* [WHAT YOU NEED TO DO] Whatever lies between the line with "Von links: RE" and the end of the data, both included, must be copied exactly and without pictures.
[Opening COLLECTED DATA section]
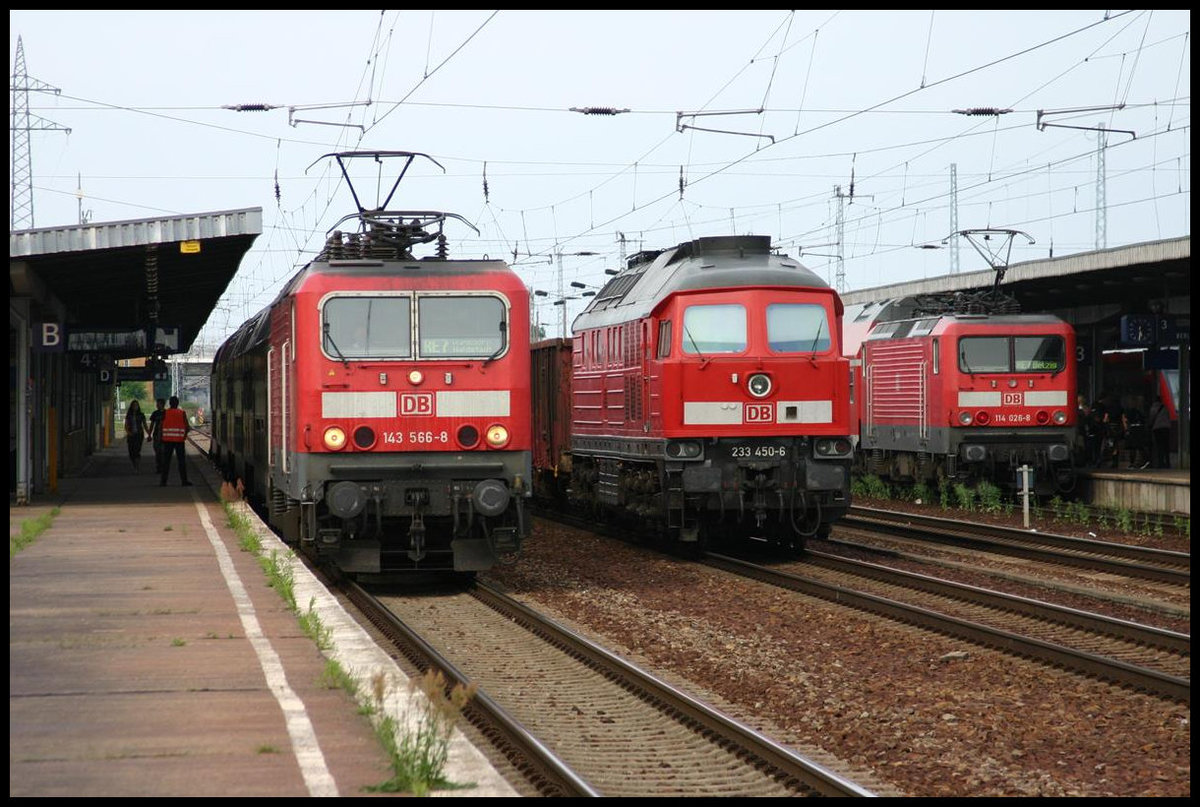 Lokomotiv Treffen im Bahnhof Berlin Schönefeld am 1.6.2007.
Von links: RE 7 mit 143566-8, in der Mitte 233450-6 und rechts RB nach Senftenberg mit 143346-5.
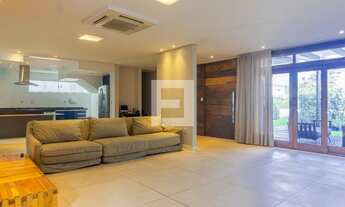 Imagem 4: ITAJAí - Casa Padrão - Praia Brava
[Closing COLLECTED DATA section]
* [SOLUTION TO THE PROBLEM]
Von links: RE 7 mit 143566-8, in der Mitte 233450-6 und rechts RB nach Senftenberg mit 143346-5.
 Imagem 4: ITAJAí - Casa Padrão - Praia Brava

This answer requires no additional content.